Your existing lock
basically does nothing. No other thread has a reference to it, so it can't possibly cause anyone to block anywhere. The only thing it can possibly do is waste a few microseconds. So this:
lock = threading.Lock()
with lock:
thread1.start()
thread2.start()
... is pretty much equivalent to:
time.sleep(0.001)
thread1.start()
thread2.start()
And I'm pretty sure that's not what you want.
If you want to force the threads to run sequentially, the easiest way to do that is to just not use threads.
Or, if you must use threads, just wait for one to finish before starting the next:
thread1 = Mythread(1,"Thread1",5,1)
thread2 = Mythread(2,"Thread2",5,2)
thread1.start()
thread1.join()
thread2.start()
thread2.join()
If you want to make the threads serialize themselves, without any help from outside, you have to give them a lock that they can share. For example:
class Mythread(threading.Thread):
def __init__(self,threadID,name,counter,delay,lock):
threading.Thread.__init__(self)
self.lock = lock
# ...
def run(self):
with self.lock:
# ...
Now, to call them:
lock = threading.Lock()
thread1 = Mythread(1,"Thread1",5,1, lock)
thread2 = Mythread(2,"Thread2",5,2, lock)
thread1.start()
thread2.start()
# ...
thread1.join()
thread2.join()
Now, when each thread starts up, it will try to grab the lock.

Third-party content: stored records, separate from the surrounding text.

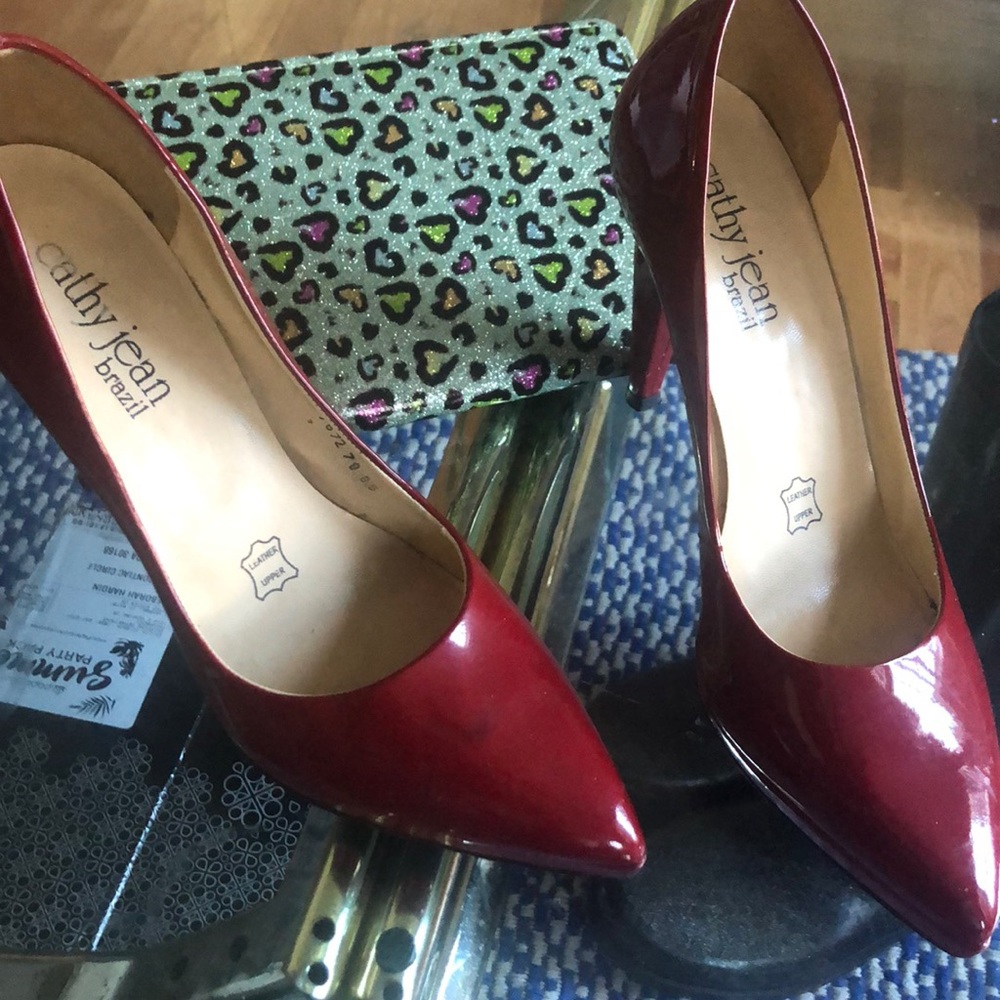 Candy Apple Red pumps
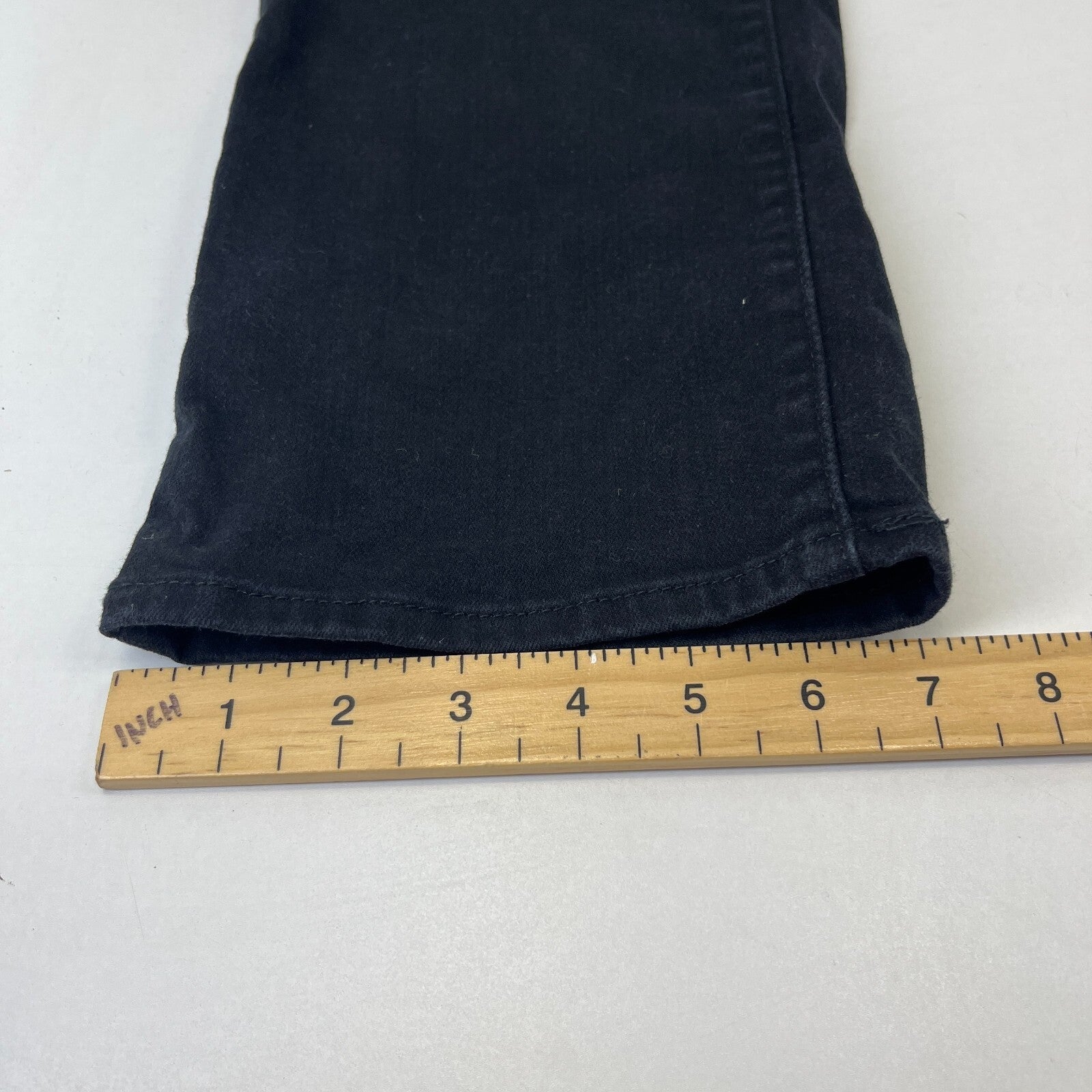 Levi’s 724 High Rise Straight Jeans in Black W34 L32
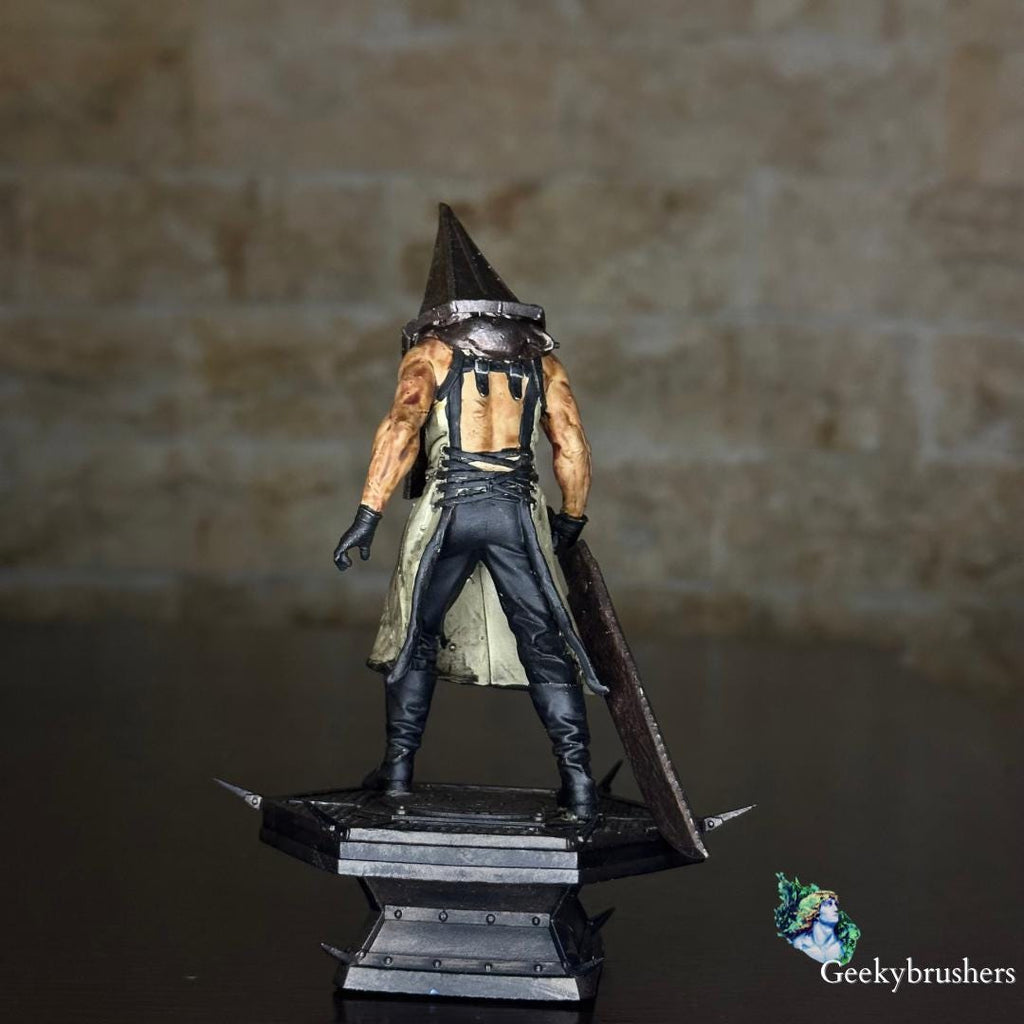 Pyramid Head Silent Hill Statue | Hand-Painted Resin Diorama (130mm)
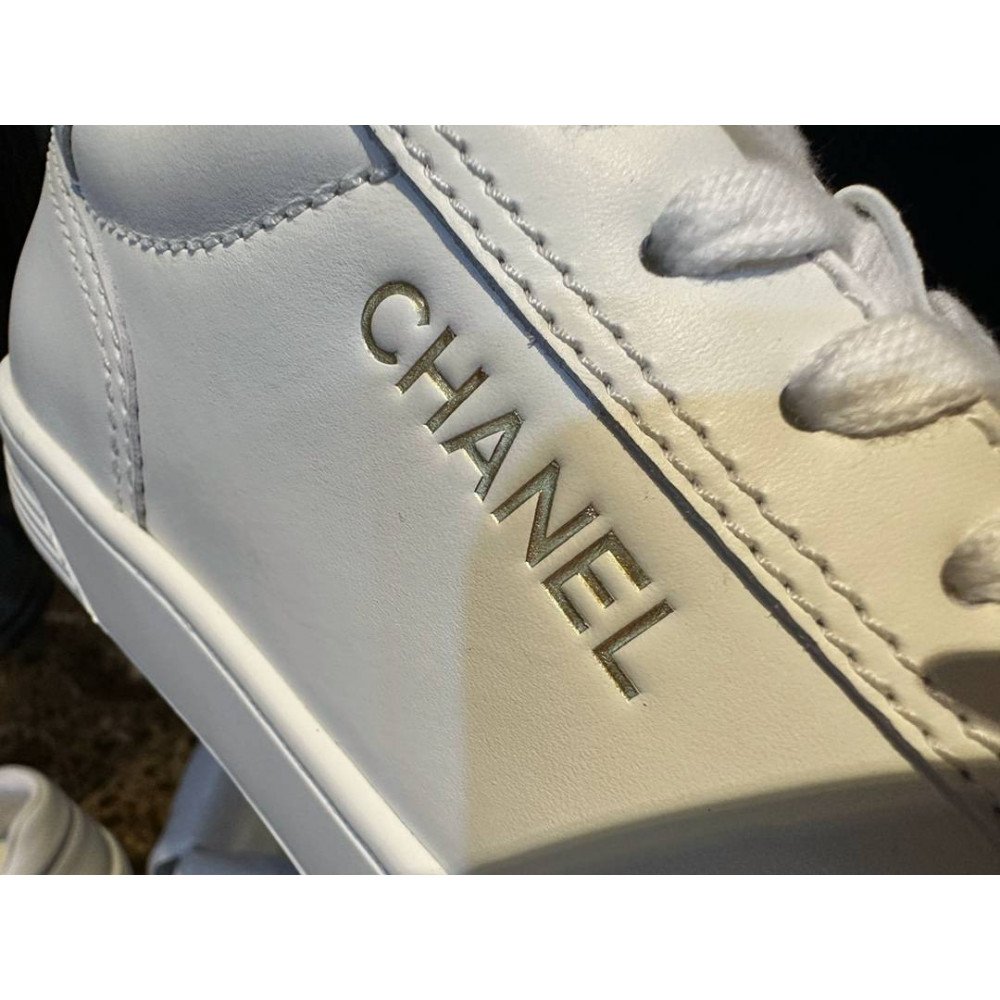 Sports shoes Sports shoes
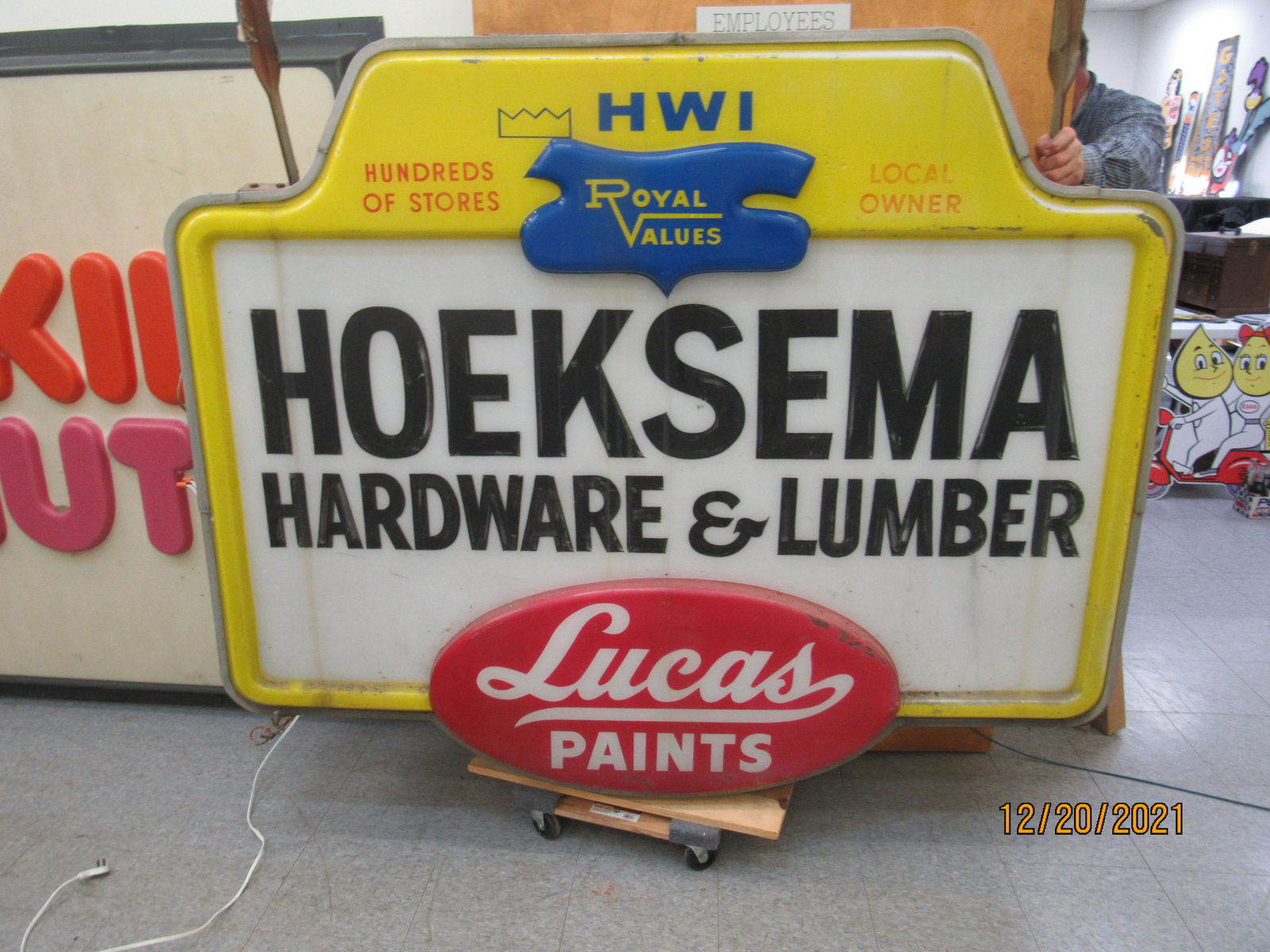 LIGHTED HOEKSEMA HARDWARE & LUMBER SIGN (1 of 2)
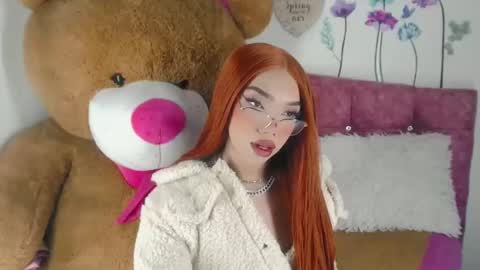 Snapshot of nickynoa chatting on 02-08-25, 09:15 Nicky online show from 02-08-25, 09:15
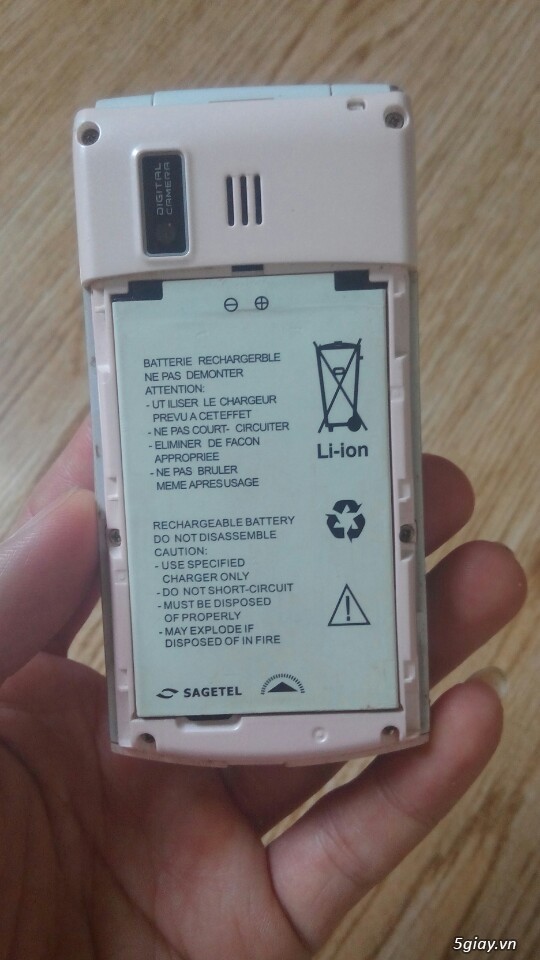 Điện thoại bật nắp - 2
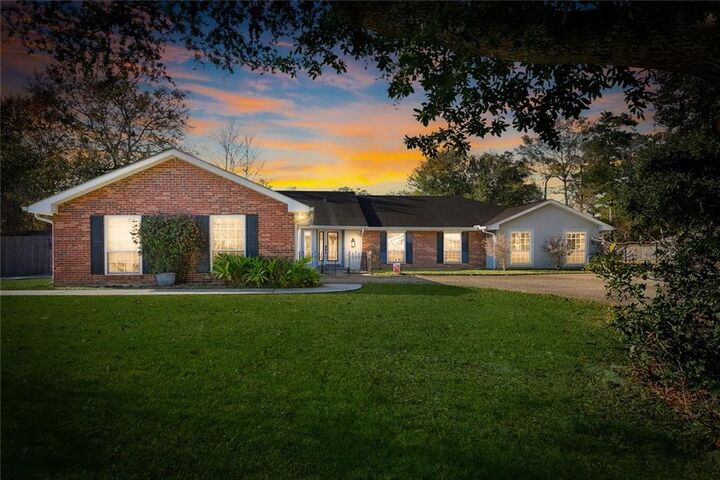 Property Photo:  204 Camborne Lane  LA 70461 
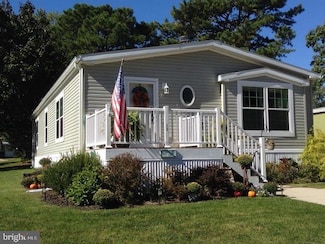 13 Nancy Ln, Barnegat, NJ 08005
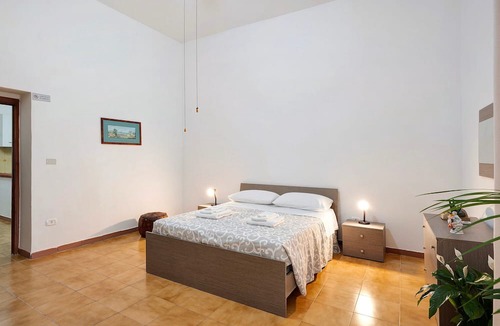 Montecalvario Apartment | Holiday Apartment "La Casa Di Gennaro - Napoli" with Private Terrace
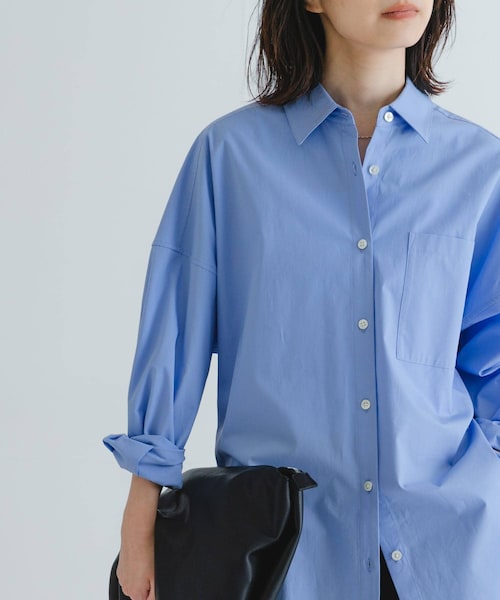URBAN RESEARCH(アーバンリサーチ)の「ブロードオーバーシャツ(Tシャツ/カットソー・レディース・L.BLUE/OFF・FREE/Free)」の2枚目の写真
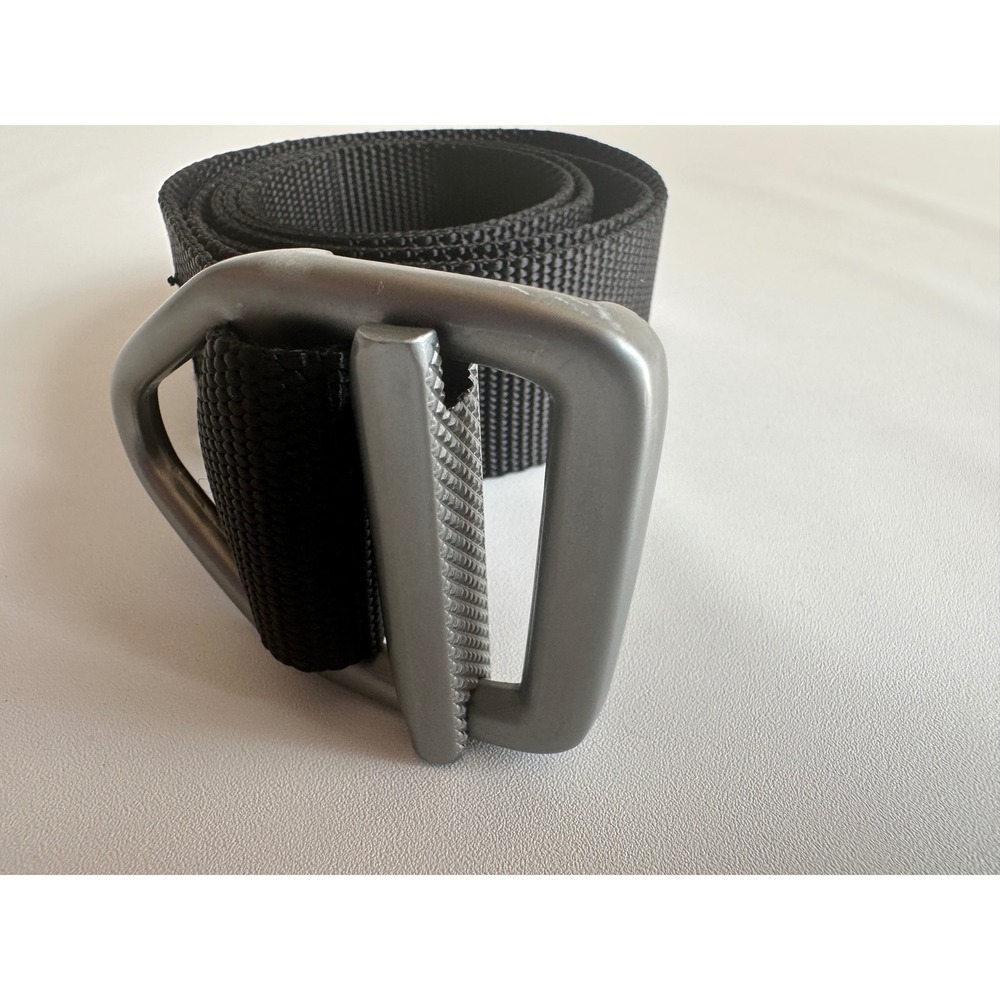 Bison Designs Black Belt Canvas Webbing Belt Not for Climbing Outdoor Medium - Picture 2 of 5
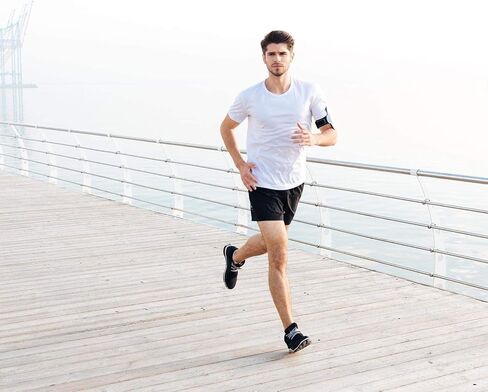 CE' CERDR Mens Workout Shirts Quick Dry Performance Short Sleeve Athletic Shirts in Saudi Arabia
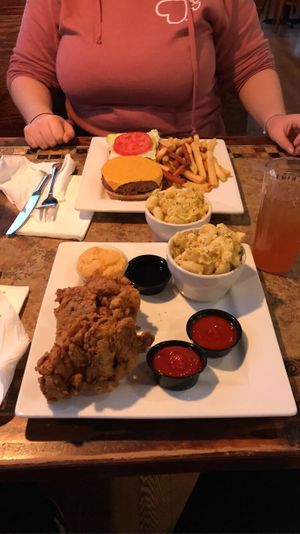 Vegan chick’n, Mac, and the Beyond Burger. at Go Vegan Philly in Wilmington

One will succeed, the other will block until the first one finishes with the lock (by exiting its with
statement).
If you don't want to serialize the threads, you just want the main thread to wait on all the other threads' completion… all you need for that is join
. That's exactly what join
is for. There's no need to add anything else.
If you really want to, you can daemonize the threads and wait on a sync object instead. I can't think of an easy way to do this with a lock, but it should be pretty easy with a BoundedSemaphore
, or a Condition
(although you'll have to wait on the condition twice). But this is a very silly thing to do, so I'm not sure why you'd want to.